The knowledge about her father which he shared with none of the others,
kept gnawing at his happiness, keeping him outside the gaiety of the
others. The figure of Janie's father, the embezzler, the swindler, the
sanctimonious crook, cast its shadow over the whole evening, while one
part of his mind kept working, active as flame, creating a future of
suffering which might never become reality. There was no possibility of
doubt any longer regarding the guilt of Amory Stilham. He knew, perhaps
better than anyone, because he had collected much of the evidence which
had closed the trap.

Watching Janie, gay and happy, free from the melancholy which so often
obscured her from him, he turned the doomed future over and over again
in his mind, speculating whether he should prepare her for the horror
that was to come or to let someone else tell her. For a wild moment it
occurred to him that she might refuse to marry him because he had played
a part in the investigation or because she felt, fantastically, that she
could not bring upon him the disgrace of marrying the daughter of a
swindler.

It was all a nasty, complicated business of which he and Janie were
victims. There had been, he knew well enough, a moment just after he had
gone to spend the week end at Amory Stilham's house in the country, when
he could have turned back, when he could have forced himself not to see
Janie again. And he knew too that such a course would have been much
wiser. It would have been easier for him, it would have been better for
his own future. But he was aware too that he was not like that; he
understood that the very health and vigor which made his brain a
brilliant, successful instrument, made him fall in love, recklessly,
with all the violence of a lusty nature. He knew that by all the rules,
Janie was not the right person for him. There was her name and her
wealth and the unwelcome and snobbish attention of newspapers and
public, and there was the curious background of enchanted stability
which had surrounded her since she was born. There were so many things
she did not know, about people, about the world, about how things worked
in life, because her own life had never had any relation to the reality
of people but only to the reality of a world, coddled and protected,
wrapped in cotton wool, a world which was utterly doomed. Even her faint
childish efforts to escape had only brought her into the borders of a
world that was equally false, a world of writers and actors and idlers
which fed upon itself, continually devouring its own entrails and
consuming its own vitality. She was wrong, by all the dictates of his
very clever reason, but this reason was bereft of authority because he
loved her and felt a passionate need to rescue her, for he was still
young enough to believe in St. George and the Dragon. Wisdom had not yet
dulled ardor nor had experience made him crafty. He was young and he was
in love and as with Janie herself, there was a part of him that was very
wise and a part of him that was very young. There was, for neither of
them, any escaping their own muddled generation.

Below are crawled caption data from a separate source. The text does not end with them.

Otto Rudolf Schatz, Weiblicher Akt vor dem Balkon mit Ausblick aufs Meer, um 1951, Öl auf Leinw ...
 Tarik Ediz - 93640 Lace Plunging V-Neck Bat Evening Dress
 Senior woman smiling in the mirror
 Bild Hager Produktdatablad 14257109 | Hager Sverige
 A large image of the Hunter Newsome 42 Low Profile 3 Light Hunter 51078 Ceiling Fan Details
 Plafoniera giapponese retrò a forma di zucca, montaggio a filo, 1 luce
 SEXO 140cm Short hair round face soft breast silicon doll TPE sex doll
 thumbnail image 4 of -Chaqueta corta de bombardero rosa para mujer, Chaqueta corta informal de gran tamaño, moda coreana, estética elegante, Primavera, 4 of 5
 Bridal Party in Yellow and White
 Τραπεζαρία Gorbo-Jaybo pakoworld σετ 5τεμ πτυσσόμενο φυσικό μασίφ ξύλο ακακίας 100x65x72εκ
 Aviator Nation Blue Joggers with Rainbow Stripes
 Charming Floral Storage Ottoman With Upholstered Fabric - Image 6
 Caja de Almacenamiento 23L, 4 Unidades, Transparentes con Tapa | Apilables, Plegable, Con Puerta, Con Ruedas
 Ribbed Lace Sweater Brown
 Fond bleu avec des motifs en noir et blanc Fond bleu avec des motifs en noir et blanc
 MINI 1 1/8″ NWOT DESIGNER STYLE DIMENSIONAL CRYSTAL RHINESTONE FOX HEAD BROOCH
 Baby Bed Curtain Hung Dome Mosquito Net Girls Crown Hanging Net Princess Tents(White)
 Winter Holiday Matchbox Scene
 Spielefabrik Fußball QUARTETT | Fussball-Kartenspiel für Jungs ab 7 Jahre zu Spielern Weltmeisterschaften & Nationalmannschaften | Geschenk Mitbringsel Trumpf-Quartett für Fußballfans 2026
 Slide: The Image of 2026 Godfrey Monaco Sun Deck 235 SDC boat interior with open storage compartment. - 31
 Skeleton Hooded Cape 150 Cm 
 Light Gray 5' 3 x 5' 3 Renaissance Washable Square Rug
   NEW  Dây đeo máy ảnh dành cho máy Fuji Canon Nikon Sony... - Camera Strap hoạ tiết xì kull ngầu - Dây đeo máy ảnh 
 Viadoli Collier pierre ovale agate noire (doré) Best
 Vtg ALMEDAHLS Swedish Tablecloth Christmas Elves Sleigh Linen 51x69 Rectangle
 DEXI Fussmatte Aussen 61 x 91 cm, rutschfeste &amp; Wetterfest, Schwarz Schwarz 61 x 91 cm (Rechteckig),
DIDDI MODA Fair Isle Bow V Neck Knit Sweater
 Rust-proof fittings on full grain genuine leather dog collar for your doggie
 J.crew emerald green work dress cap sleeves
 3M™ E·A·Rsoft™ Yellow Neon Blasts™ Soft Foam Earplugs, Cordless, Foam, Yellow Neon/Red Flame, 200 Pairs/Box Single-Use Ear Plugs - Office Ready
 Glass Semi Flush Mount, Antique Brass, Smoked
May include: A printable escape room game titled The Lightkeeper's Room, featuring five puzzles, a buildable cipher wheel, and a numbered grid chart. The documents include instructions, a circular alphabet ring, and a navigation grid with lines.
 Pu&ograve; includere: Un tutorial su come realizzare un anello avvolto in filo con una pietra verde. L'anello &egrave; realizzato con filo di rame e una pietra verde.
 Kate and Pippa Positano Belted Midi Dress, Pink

His sister, knowing him so well, was aware throughout the evening that
he was troubled and suffering, but knowing him well, she also knew that
there was nothing she could do to help him. Whatever the trouble was he
would have to fight his way out of it, for he was like that. He had
always been since he was a stubborn little boy.

After dinner they went to see a musical play of Cole Porter's and then
to Monte Carlo and El Morocco and the Stork where people knew Janie and
a few knew Ned and none of them knew his sister and her husband. It was
a conventional evening, the most conventional in the world, and in a way
the emptiest and deadliest in the world, but Ned's sister and her
husband loved it and in South Bend they would talk of it for a little
time after they returned. It was for them the evening had been arranged
and they had enjoyed themselves, making Janie happy although to her it
was old stuff and tiresome. Before the evening was over their enjoyment
had dulled even the edge of Ned's private misery.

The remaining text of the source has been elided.